Трудно себе представить, как тогда жили люди. Люди жили, словно притаившись. На улицах и повсюду царствовала полиция, официальная и просто любительская, да аппетиты к грабежу, нажитку, обогащению себя через государство и службу развились до неимоверности. Они даже поощрялись. Что тогда происходило под личиной добрых правил, беспорочного прохождения карьеры, начальнического достоинства! Три миллиона, украденные Политковским у инвалидов, можно сказать под носом у всех властей, составляли еще безделицу перед тем, что делали сановитые мужи вообще{23}. Они участвовали в приисках, страховых обществах, промышленных предприятиях даровыми паями и составляли их прикрытие во всех случаях мошенничества, директорских грабежах акционеров и проч. Никакое предприятие не могло состояться без приглашения в даровые участники вельмож времени, так как всякое, какого характера оно бы ни было, с ними могло надеяться на успех. Они высасывали свою долю из откупов, из тяжб по наследству, из государственных имуществ. О., например, заставил себе дать в Самарской губернии 100 000 десятин, 1500 рублей оброка, кажется, и это без переоценки на будущее время. Грабительство казны и особенно солдат и всего военного снаряда приняло к концу царствования римские размеры. Генерал Э. продал 40 лошадей из фронта по 4000 рублей за каждую своим и чужим офицерам, пополнив их ремонтными лошадьми, на которые казна отпускает 175 рублей{24}.
Молчание гробовое царствовало над всем этим миром преступлений, и, разумеется, на высших ступенях силились укрепить это молчание на веки вечные. И тогда уже мыслящим людям было очевидно, что при первом политическом толчке вся эта мерзость запустения, прикрытая ложным величием, блеском и легитимизмом, обнаружится и раскроет всю беспомощность молодого, здорового, но грабимого, отупляемого государства; однако ж никто не предвидел, что толчок явится так скоро и что итоги забывшемуся всесилию и насилию будут подведены еще на наших глазах. Мы сказали о молчании. Не довольно было и молчания. На счету полиции были и все те, которые молчали, а не пользовались мутной водой, которые не вмешивались ни во что и смотрели со стороны на происходящее. Их подстерегали на каждом шагу, предчувствуя врагов. Жить было крайне трудно. Некоторые из нервных господ, вроде В. П. Боткина, который тогда переселился в Петербург как в более безопасное место (Москва была отдана графу Закревскому в безграничное пользование, и там происходили оргии высылок, взяток и проч.), почти что тронулись. Этот господин трепетал за каждый час существования…

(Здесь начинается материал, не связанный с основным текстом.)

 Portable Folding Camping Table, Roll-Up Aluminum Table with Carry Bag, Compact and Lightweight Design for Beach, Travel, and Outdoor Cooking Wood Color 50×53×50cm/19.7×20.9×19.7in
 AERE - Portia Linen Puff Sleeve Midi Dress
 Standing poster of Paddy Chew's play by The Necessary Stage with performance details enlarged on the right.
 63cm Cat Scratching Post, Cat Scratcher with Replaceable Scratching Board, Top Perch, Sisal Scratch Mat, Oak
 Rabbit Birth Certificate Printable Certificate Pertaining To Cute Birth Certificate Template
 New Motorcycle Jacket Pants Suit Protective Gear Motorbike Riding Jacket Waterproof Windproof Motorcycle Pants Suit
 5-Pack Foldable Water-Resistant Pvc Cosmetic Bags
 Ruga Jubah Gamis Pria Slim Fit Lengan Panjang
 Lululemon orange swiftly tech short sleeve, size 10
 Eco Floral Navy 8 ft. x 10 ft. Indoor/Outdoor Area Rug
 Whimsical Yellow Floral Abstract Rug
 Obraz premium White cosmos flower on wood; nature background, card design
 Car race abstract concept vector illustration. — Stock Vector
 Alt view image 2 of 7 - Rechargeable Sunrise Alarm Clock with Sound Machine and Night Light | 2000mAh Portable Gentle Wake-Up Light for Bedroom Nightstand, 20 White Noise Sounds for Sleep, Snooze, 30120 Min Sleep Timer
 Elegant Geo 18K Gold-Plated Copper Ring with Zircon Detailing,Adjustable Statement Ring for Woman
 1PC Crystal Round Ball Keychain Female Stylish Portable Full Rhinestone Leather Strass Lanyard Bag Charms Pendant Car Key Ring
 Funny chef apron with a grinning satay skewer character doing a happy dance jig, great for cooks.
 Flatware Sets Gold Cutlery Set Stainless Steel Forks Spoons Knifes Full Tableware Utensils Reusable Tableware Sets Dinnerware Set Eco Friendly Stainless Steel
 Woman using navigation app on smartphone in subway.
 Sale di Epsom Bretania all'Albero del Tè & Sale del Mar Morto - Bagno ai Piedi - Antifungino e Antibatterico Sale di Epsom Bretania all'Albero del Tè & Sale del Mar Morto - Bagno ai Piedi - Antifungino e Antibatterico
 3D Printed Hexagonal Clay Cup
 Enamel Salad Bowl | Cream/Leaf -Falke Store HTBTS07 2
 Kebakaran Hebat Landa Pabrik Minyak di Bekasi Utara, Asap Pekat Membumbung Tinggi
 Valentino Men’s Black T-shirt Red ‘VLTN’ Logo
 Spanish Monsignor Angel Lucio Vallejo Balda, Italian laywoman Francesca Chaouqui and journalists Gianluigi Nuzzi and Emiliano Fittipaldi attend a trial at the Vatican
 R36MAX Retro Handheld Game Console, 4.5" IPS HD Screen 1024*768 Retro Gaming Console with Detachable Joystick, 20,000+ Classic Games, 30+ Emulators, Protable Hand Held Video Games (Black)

Но будет о нем. В это время Ланская, по первому мужу Пушкина, делами которой по дружбе к семейству занимался брат Иван, пришла к мысли издать вновь сочинения Пушкина, имевшие только одно издание, 1837 года{25}. Она обратилась ко мне за советом и прислала на дом к нам два сундука его бумаг. При первом взгляде на бумаги я увидал, какие сокровища еще в них таятся, но мысль о принятии на себя труда издания мне тогда и в голову не приходила. Я только сообщил Ланской план, по которому, казалось мне, должно быть предпринято издание.